In a report published on the 29th March 2017[2], the European Commission evaluated how farmers and Member States have implemented the EFA requirement so far. After two years since its adoption, it is clear that the overall percentage of declared EFAs on arable land easily exceeds the required 5%. But do farmers always opt for the most environmentally friendly way of using these dedicated areas?

More than 90% of EFAs chosen are productive and potentially productive, consisting in nitrogen-fixing crops, catch crops and land lying fallow. Nitrogen fixing crops are the most popular type of EFA (39% of the total percentage of declared EFAs).

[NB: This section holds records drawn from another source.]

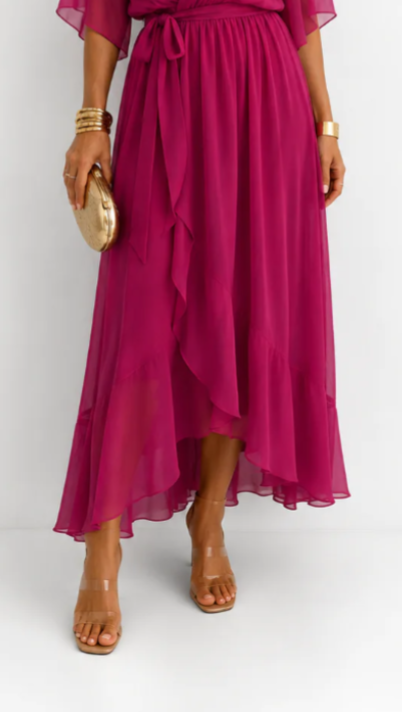 CHIFFON DRESS FOR WOMEN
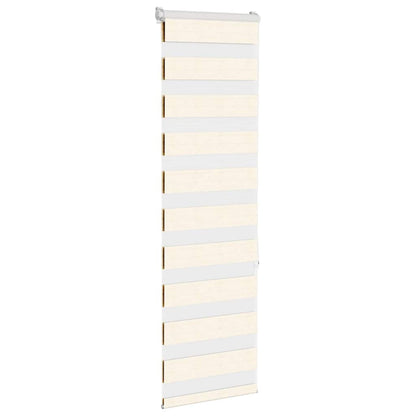 Zebrarollo Marmorbeige 45x150 cm Stoffbreite 40,9 cm Polyester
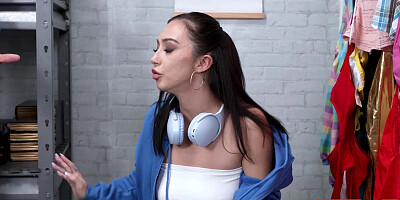Brunette Caught Stealing Gets Fucked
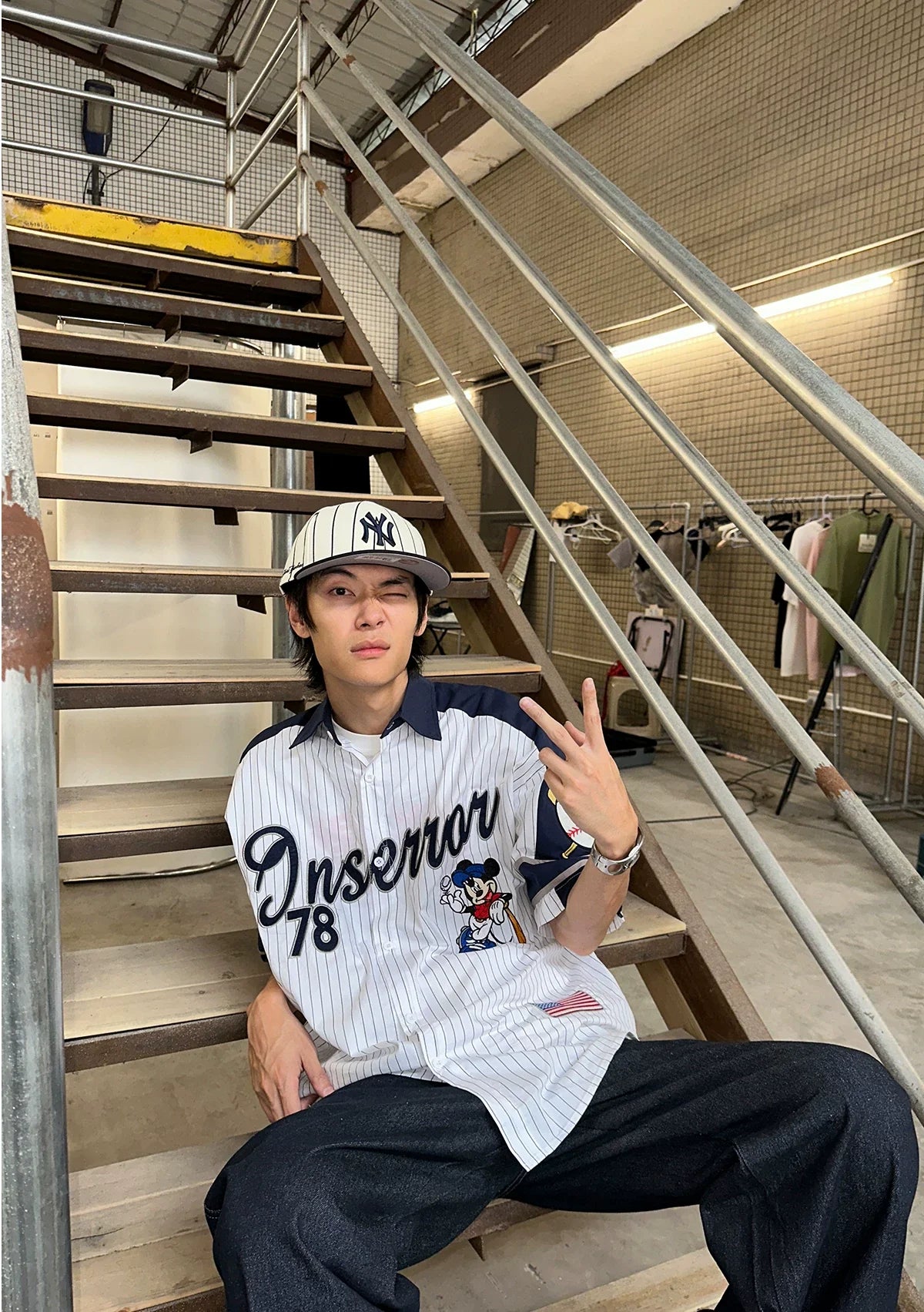 Backfield Error 78 Baseball Jersey - Notkicks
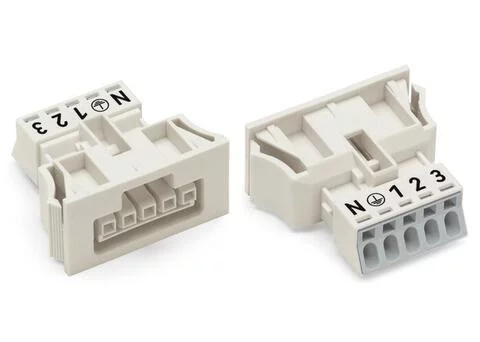 890-725/006-000 - WINSTA® through-panel socket (female); MINI; snap-in; 1/2/3/4/5 marking; 5-pole; white; without locking latch 890-725/006-000 - WINSTA® through-panel socket (female); MINI; snap-in; 1/2/3/4/5 marking; 5-pole; white; without locking latch
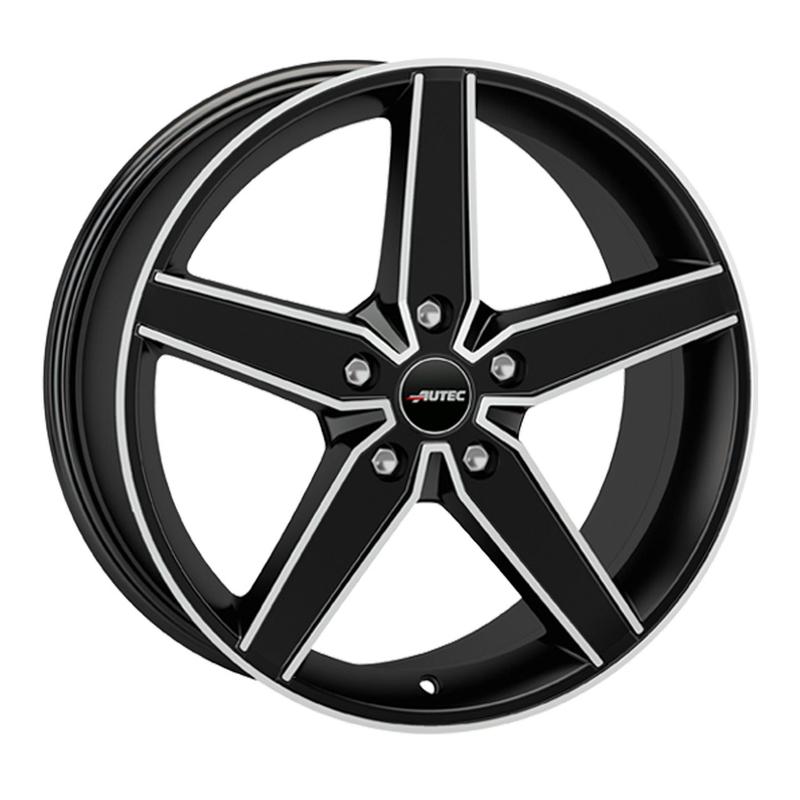 AUTEC TYP D - DELANO schwarzmatt poliert 8.0Jx19 5x112 ET45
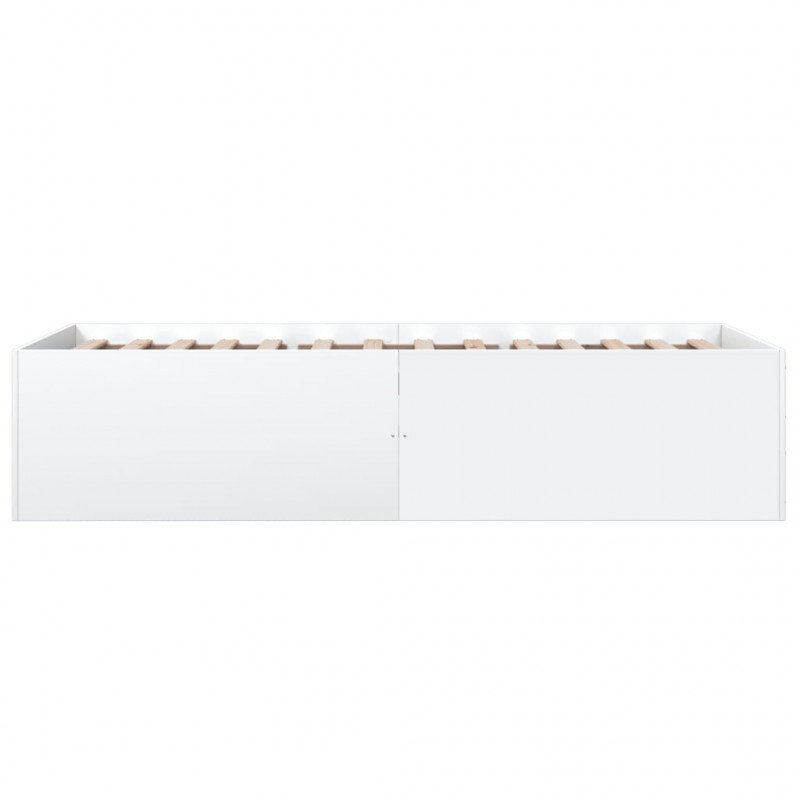 Rama łóżka, biała, 100x200 cm, materiał drewnopochodny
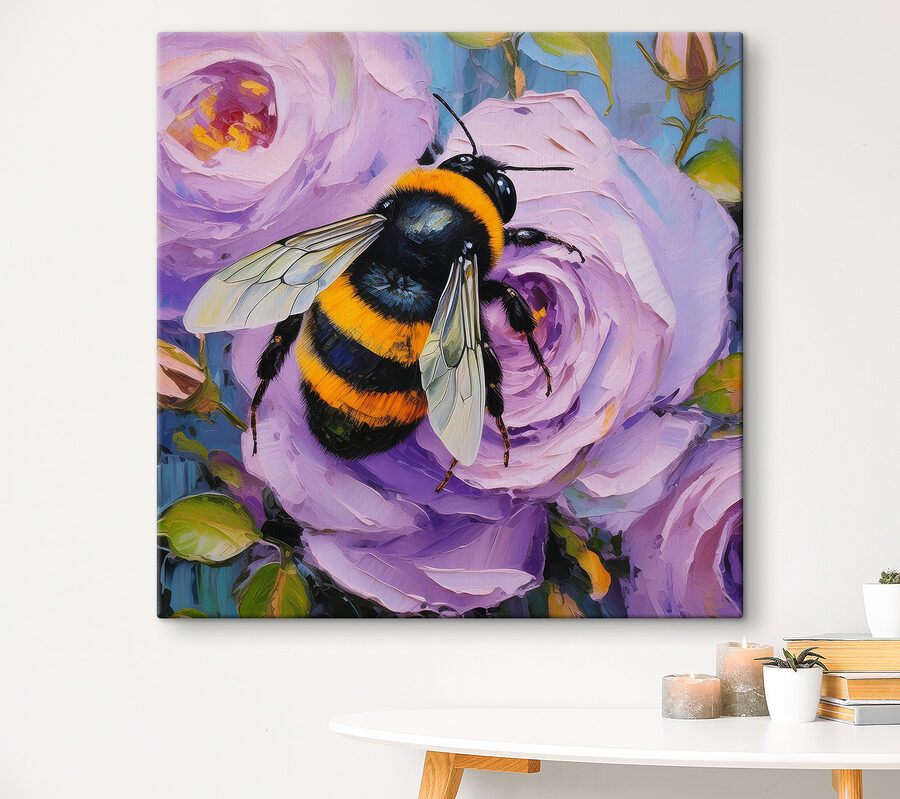 A bee on a flower A bee on a flower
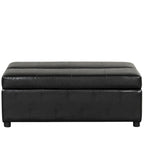 Lit d'appoint pliable ottoman convertible Twin Size avec matelas, canapé-lit rembourré en PU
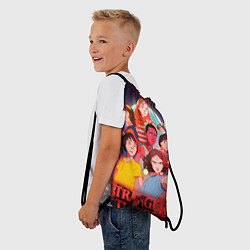 Рюкзак-мешок Очень Странные Дела Арт, цвет: 3D-принт — фото 2
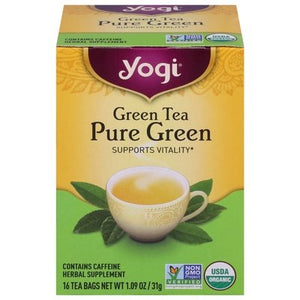 OG2 Yogi Simply Grn Tea 6/16 BAG [UNFI #27099]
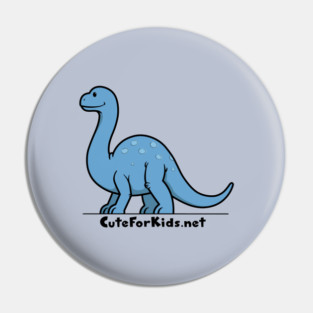 CuteForKids - Brontosaurus - Branded Pin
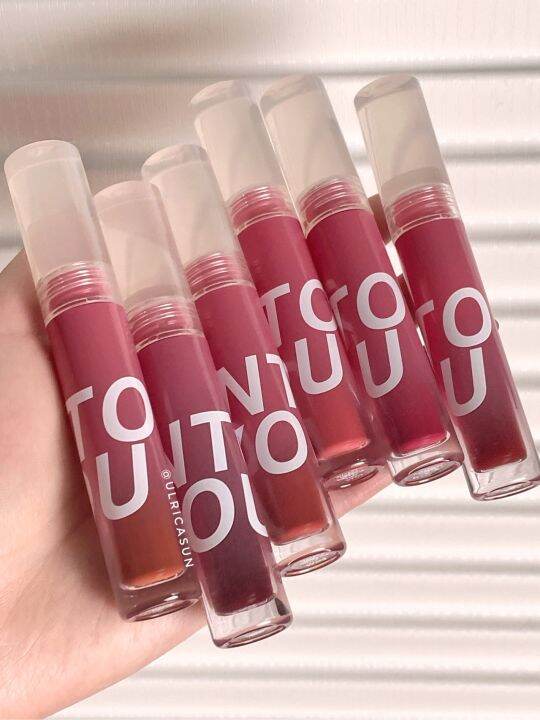 intoyou-water-lip-glaze-water-mist-lipstick-intoyou-lip-mud-indian-oil-berry-color-mirror-autumn-and-winter-lip-gloss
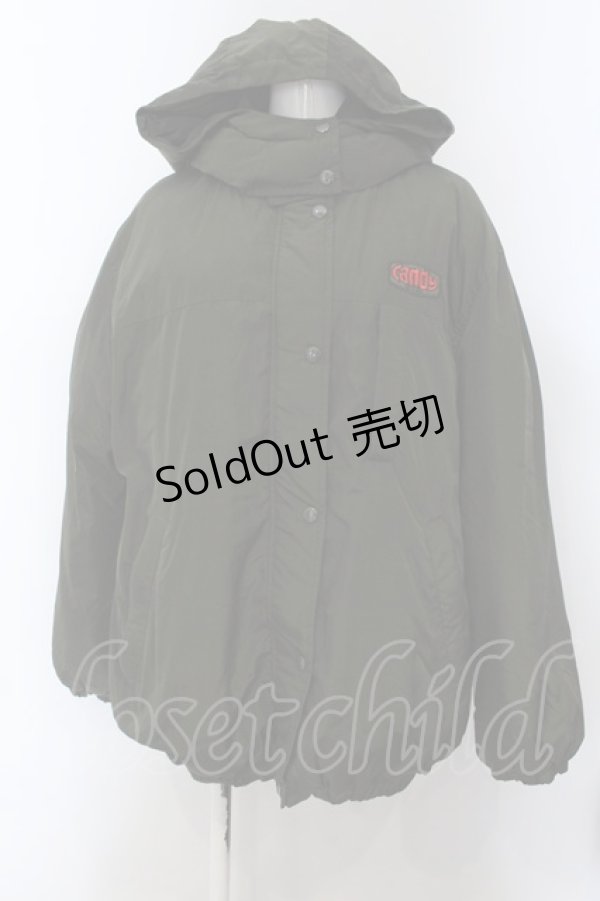 画像1: Candy Stripper / 胸ロゴダウンジャケット  カーキグリーン O-25-01-31-2008-PU-CO-IG-ZT-C012 (1)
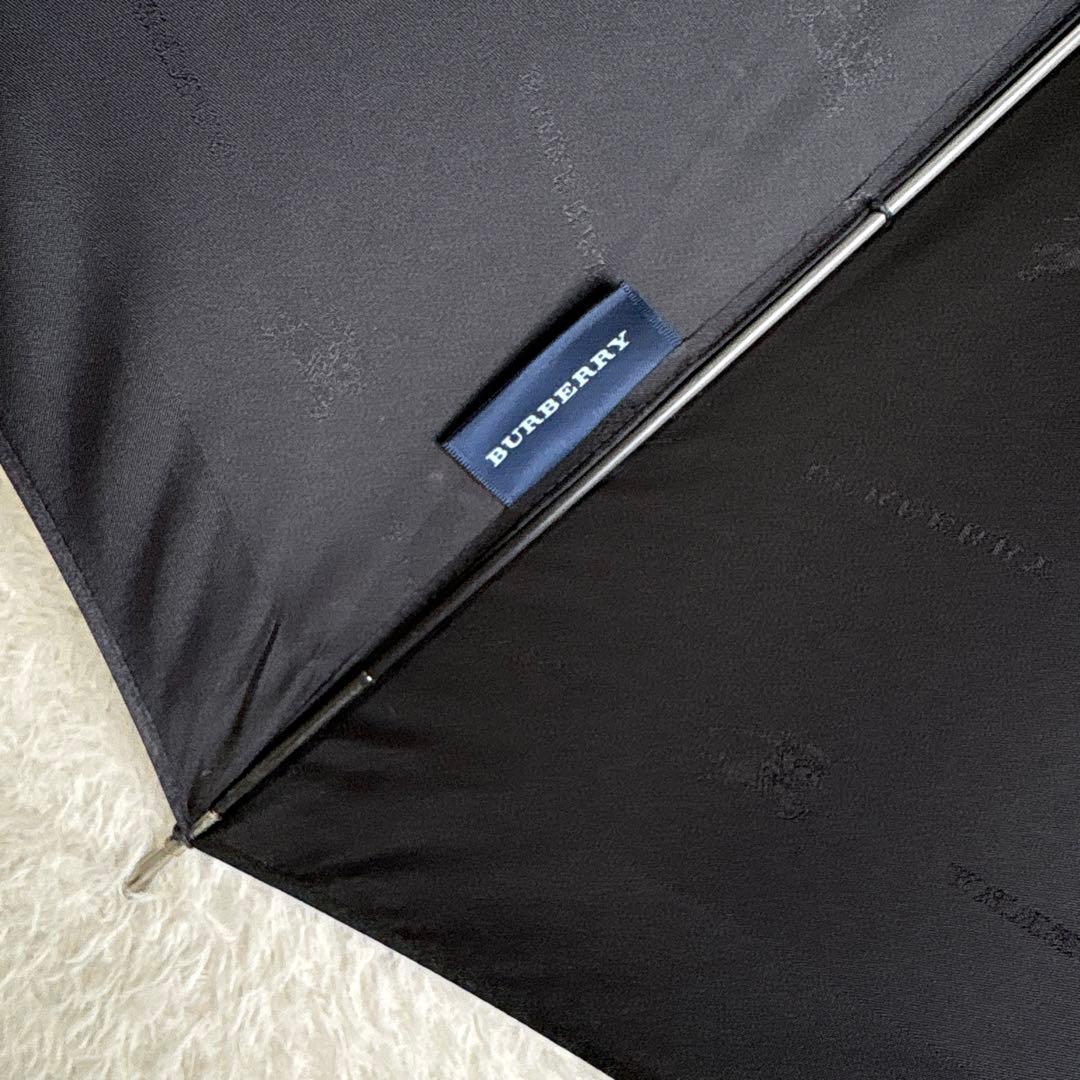 BURBERRY 長傘　レディース　アンブレラ　黒　日本製　シャドーホース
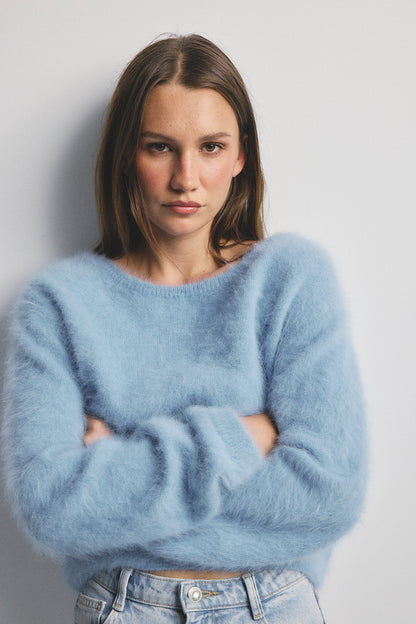 Stella Boat Neck - Sky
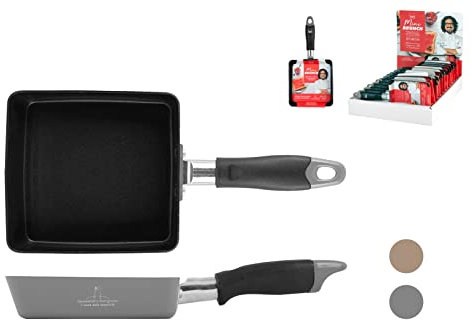 H&H Minibrunch Bistecchiera, Alluminio, Rivestimento Antiaderente, cm 13x13 Cooking Style& Alessandro Borghese- il lusso della semplicita'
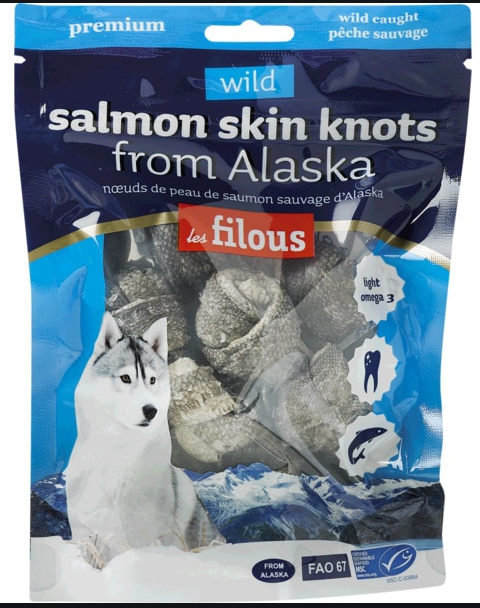 LES FILOUS-SALMON SKIN 70G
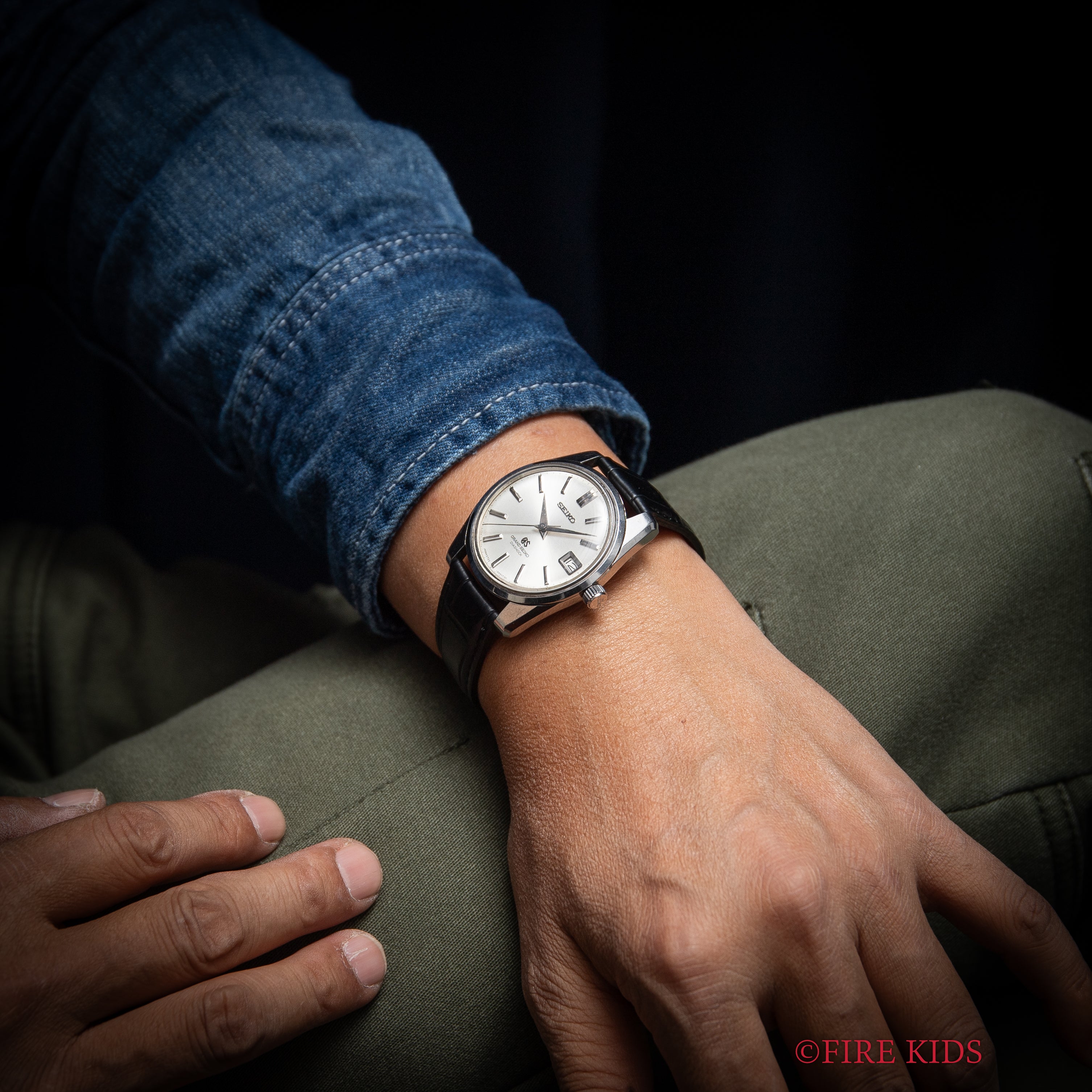 グランドセイコー セカンドモデル後期 1966年製 5722-9990 57GS ライオンメダリオン ロービート手巻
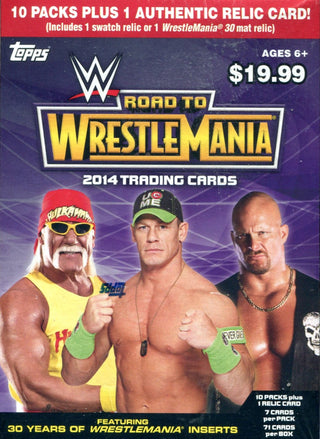 2014 Topps WWE Road to Wrestlemania Factory Sealed Blaster Box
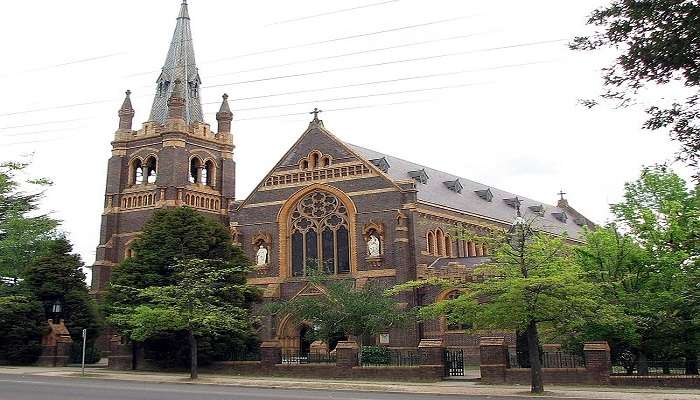 An amazing view of the cathedral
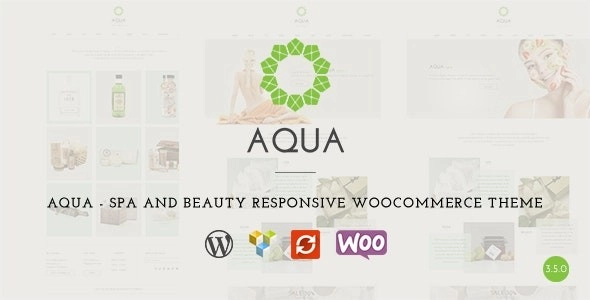 Aqua – Spa and Beauty Responsive WooCommerce WordPress Theme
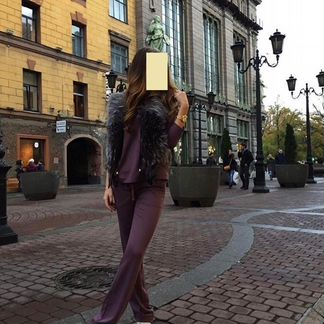 Жилет/жилетка из лисы чернобурки новый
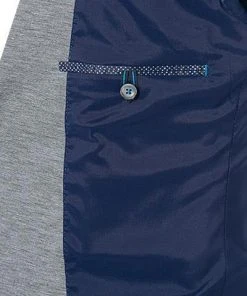 Pierre Cardin Anzug 42285+72534/810/14300/2600 Jersey, Silbergrau meliert, Silbergrau -Anzüge & Westen Verkäufe 358526 norm5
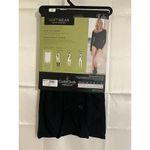 Cuddl Duds Women's Black Long Sleeve Bodysuit Size S Snap Closure Photo 1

On the contrary, EFAs which are seen as more beneficial to the environment, such as landscape features (field margins, trees or hedges), hectares of agroforestry and buffer strips are underrepresented. These types only count for about 7,5% of EFAs.

The report by the European Commission clearly acknowledges that landscape features and hectares of agroforestry are more beneficial to the environment than other kinds of EFAs. Therefore, farmers should be incentivised to prefer these types of EFAs.

Shifting farmers’ choices

The European Commission is currently reviewing the Greening requirements[3]. The review aims at providing a fine-tuning of current rules, especially for EFAs, and at improving the environmental performance of the policy.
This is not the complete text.